#### RECORDS FOR PROCESSING

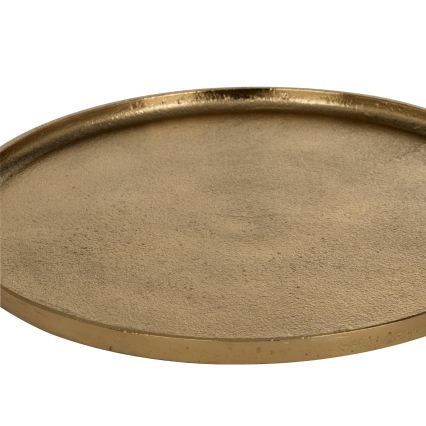 Eglo 427596 - Dekorativ bakke FORLEYET, Ø 25 cm, guld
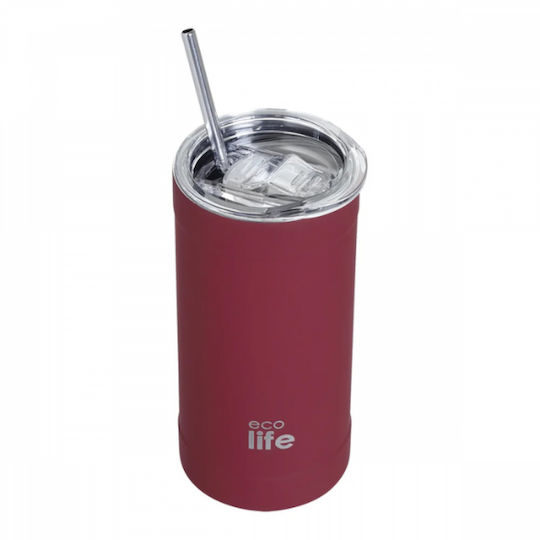 Ecolife Чаша Термос Без BPA 500ml Chili Pepper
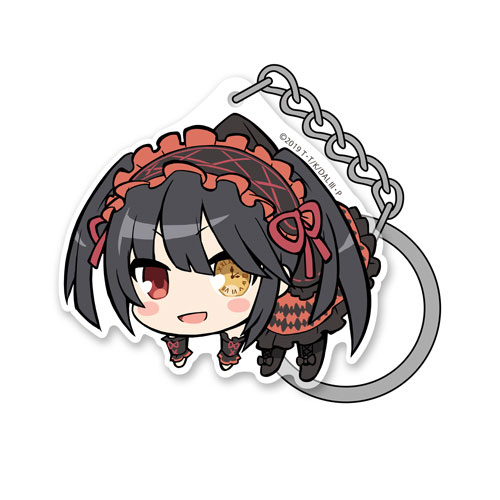 COSPA Date A Live III Kurumi Tokisaki Acrylic Pinched Keychain Bild 1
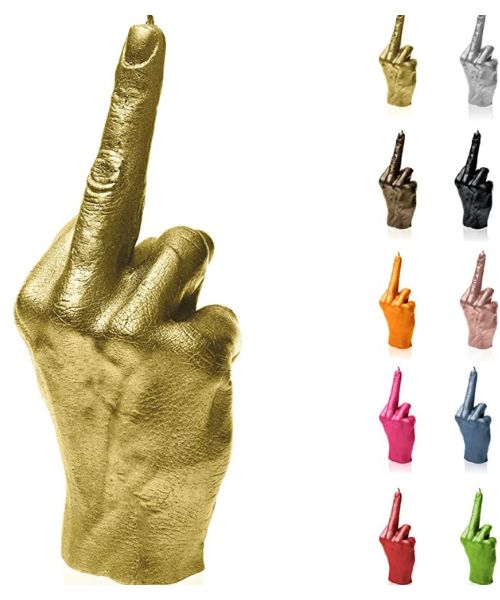 Candellana Candles Candellana Mittelfingerkerze Candellana Candles Candellana Mittelfingerkerze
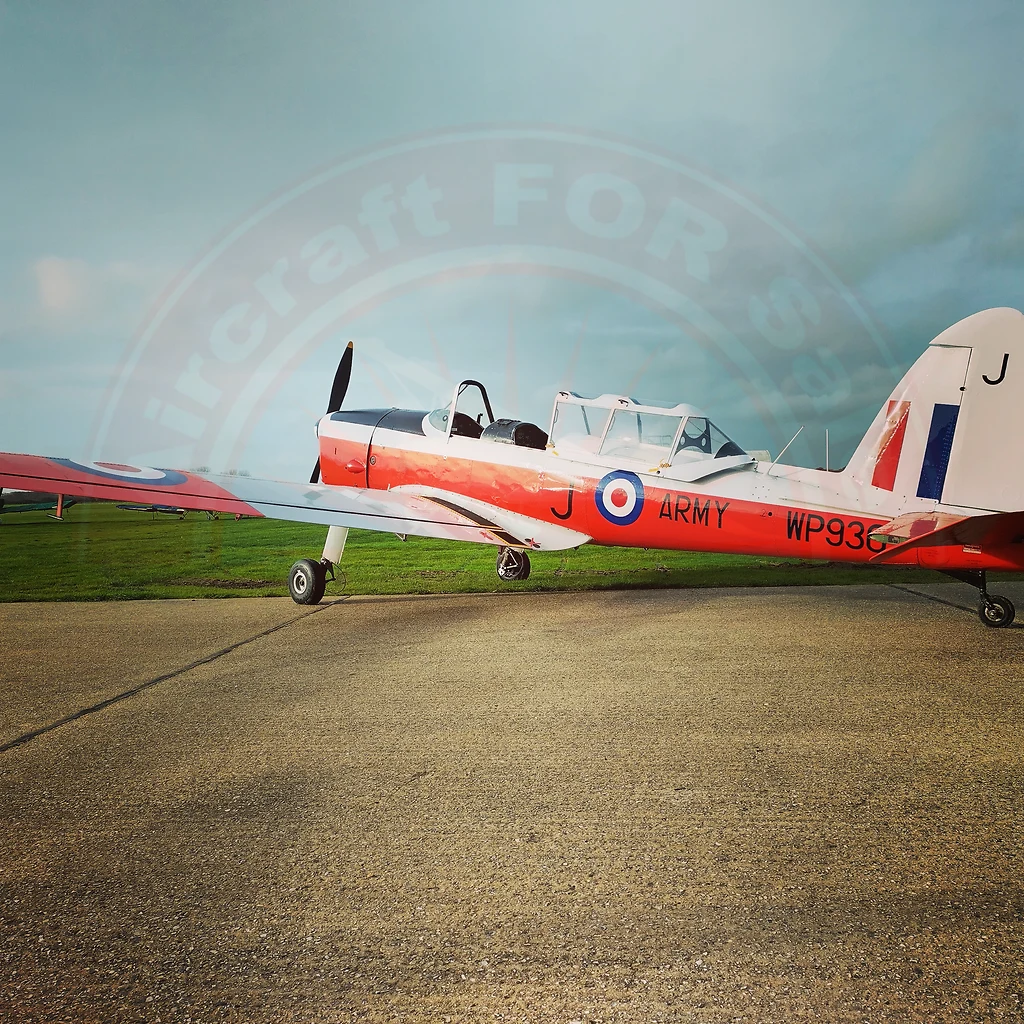 de Havilland Chipmunk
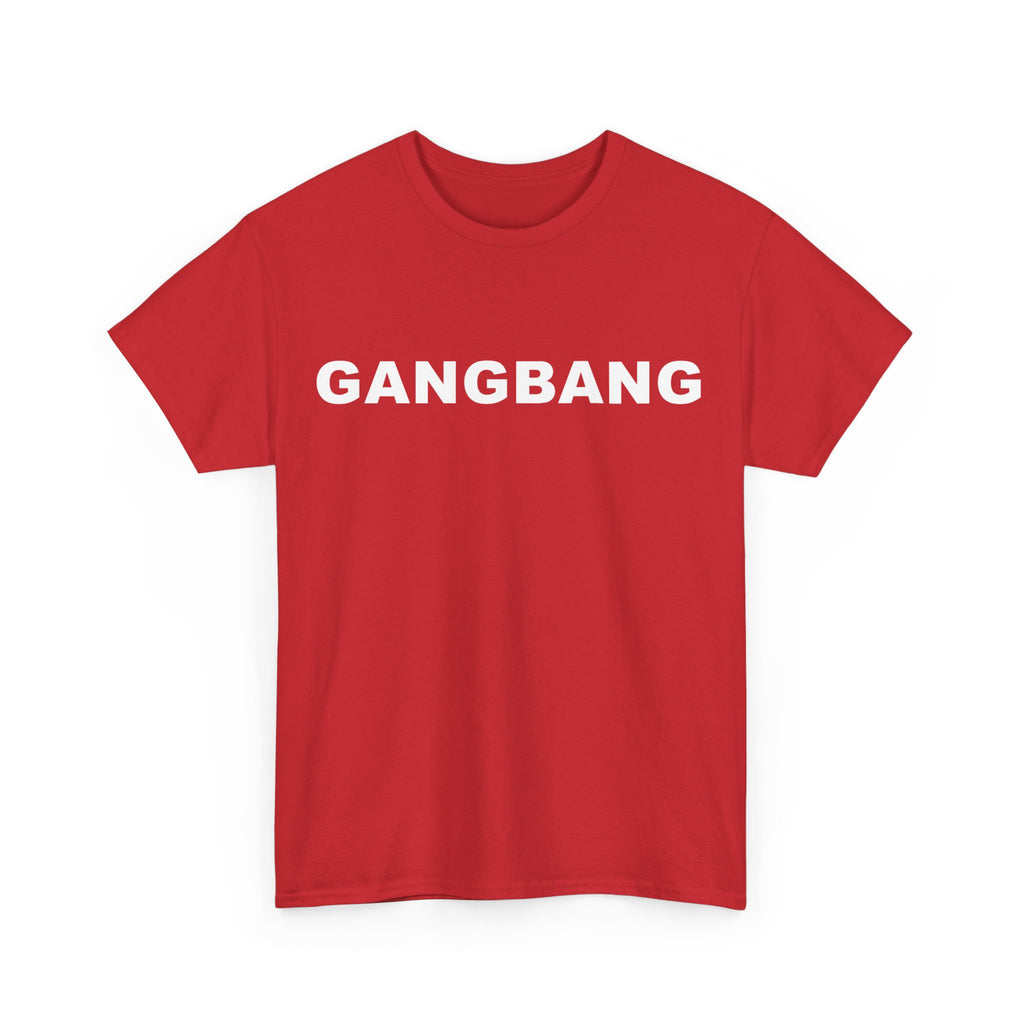 GANGBANG Unisex Heavy Cotton Tee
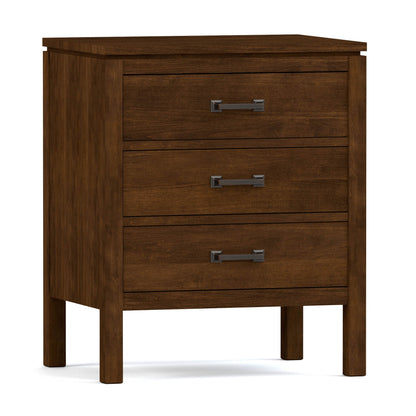 Dwyer Three-Drawer Nightstand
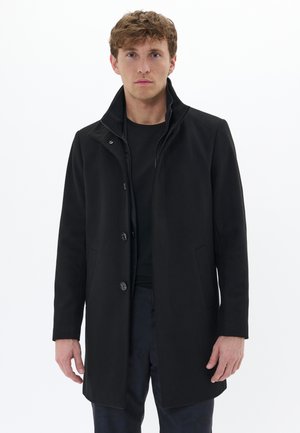 HARVEY  - Kurzmantel - black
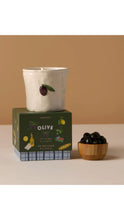 Load image into Gallery viewer, 8oz Bistro Ceramic Fig &amp; Olive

########

:: WHAT IS BEING ASKED ::
Please print the data above once more, exactly as it appears, with no pictures.

:: TASK OUTPUT ::
 Eglo 427596 - Dekorativ bakke FORLEYET, Ø 25 cm, guld
 Ecolife Чаша Термос Без BPA 500ml Chili Pepper
 COSPA Date A Live III Kurumi Tokisaki Acrylic Pinched Keychain Bild 1
 Candellana Candles Candellana Mittelfingerkerze Candellana Candles Candellana Mittelfingerkerze
 de Havilland Chipmunk
 GANGBANG Unisex Heavy Cotton Tee
 Dwyer Three-Drawer Nightstand
 HARVEY  - Kurzmantel - black
 Load image into Gallery viewer, 8oz Bistro Ceramic Fig &amp; Olive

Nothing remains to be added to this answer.